Start of Stored data
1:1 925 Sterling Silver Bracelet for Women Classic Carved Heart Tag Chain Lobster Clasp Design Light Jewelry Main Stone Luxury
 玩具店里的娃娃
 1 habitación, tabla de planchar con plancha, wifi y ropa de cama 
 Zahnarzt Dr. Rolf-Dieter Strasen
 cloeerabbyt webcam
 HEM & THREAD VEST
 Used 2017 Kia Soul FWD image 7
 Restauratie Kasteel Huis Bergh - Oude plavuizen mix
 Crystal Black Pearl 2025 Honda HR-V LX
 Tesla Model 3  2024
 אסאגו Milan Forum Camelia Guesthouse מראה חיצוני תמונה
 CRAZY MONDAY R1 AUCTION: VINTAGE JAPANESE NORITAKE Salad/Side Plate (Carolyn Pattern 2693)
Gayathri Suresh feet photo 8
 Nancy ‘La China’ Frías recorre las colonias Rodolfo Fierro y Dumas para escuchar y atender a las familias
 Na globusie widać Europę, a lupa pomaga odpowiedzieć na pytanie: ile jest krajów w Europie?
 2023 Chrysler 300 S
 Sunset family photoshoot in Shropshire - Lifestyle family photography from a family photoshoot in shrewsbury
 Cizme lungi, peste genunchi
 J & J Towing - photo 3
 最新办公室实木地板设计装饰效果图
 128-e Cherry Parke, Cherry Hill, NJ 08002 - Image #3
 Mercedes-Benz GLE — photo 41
End of Stored data
◆ What you will do ◆
This exercise needs each record retyped exactly as shown.

◆ Written solution ◆
1:1 925 Sterling Silver Bracelet for Women Classic Carved Heart Tag Chain Lobster Clasp Design Light Jewelry Main Stone Luxury
 玩具店里的娃娃
 1 habitación, tabla de planchar con plancha, wifi y ropa de cama 
 Zahnarzt Dr. Rolf-Dieter Strasen
 cloeerabbyt webcam
 HEM & THREAD VEST
 Used 2017 Kia Soul FWD image 7
 Restauratie Kasteel Huis Bergh - Oude plavuizen mix
 Crystal Black Pearl 2025 Honda HR-V LX
 Tesla Model 3  2024
 אסאגו Milan Forum Camelia Guesthouse מראה חיצוני תמונה
 CRAZY MONDAY R1 AUCTION: VINTAGE JAPANESE NORITAKE Salad/Side Plate (Carolyn Pattern 2693)
Gayathri Suresh feet photo 8
 Nancy ‘La China’ Frías recorre las colonias Rodolfo Fierro y Dumas para escuchar y atender a las familias
 Na globusie widać Europę, a lupa pomaga odpowiedzieć na pytanie: ile jest krajów w Europie?
 2023 Chrysler 300 S
 Sunset family photoshoot in Shropshire - Lifestyle family photography from a family photoshoot in shrewsbury
 Cizme lungi, peste genunchi
 J & J Towing - photo 3
 最新办公室实木地板设计装饰效果图
 128-e Cherry Parke, Cherry Hill, NJ 08002 - Image #3
 Mercedes-Benz GLE — photo 41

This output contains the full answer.